→ **Aim of the task**: In the material below, pictures must be dropped. Repeat exactly, and only, the lines from the line with "シティハイムレスポワール(1K/2階)の間取り写真" to the line with "Change in breeding distribution map", both ends included.

→ **Extracted material**:
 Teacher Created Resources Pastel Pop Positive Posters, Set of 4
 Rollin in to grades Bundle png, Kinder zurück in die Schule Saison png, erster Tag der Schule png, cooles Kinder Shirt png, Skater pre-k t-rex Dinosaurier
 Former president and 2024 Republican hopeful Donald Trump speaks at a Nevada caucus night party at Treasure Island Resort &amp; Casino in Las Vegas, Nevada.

* * *

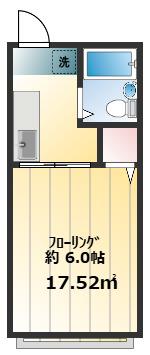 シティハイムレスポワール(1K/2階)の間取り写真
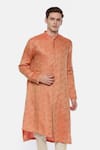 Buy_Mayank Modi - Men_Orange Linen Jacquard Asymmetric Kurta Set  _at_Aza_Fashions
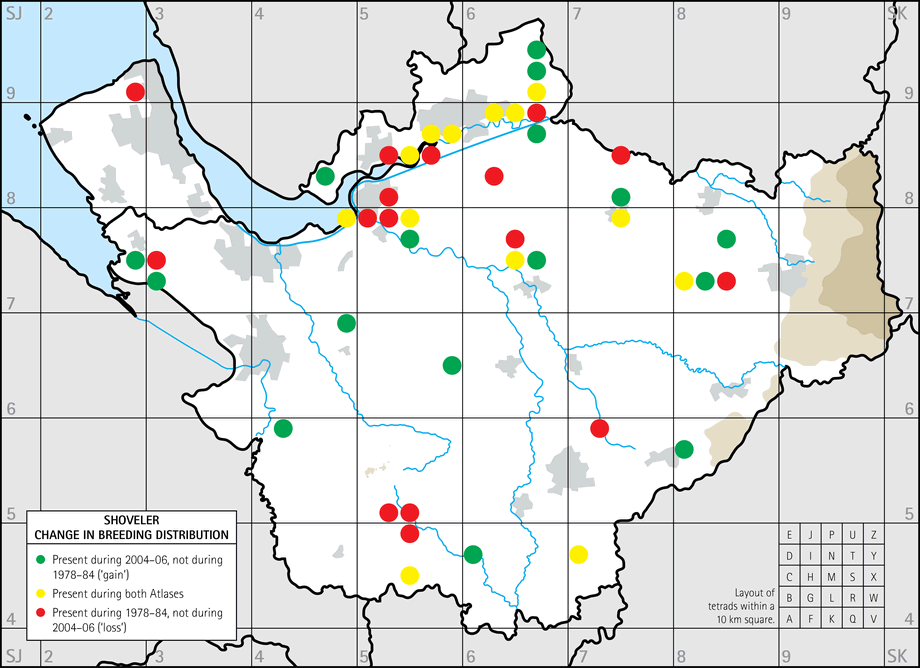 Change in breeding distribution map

→ **Response to this exercise**:
 シティハイムレスポワール(1K/2階)の間取り写真
 Buy_Mayank Modi - Men_Orange Linen Jacquard Asymmetric Kurta Set  _at_Aza_Fashions
 Change in breeding distribution map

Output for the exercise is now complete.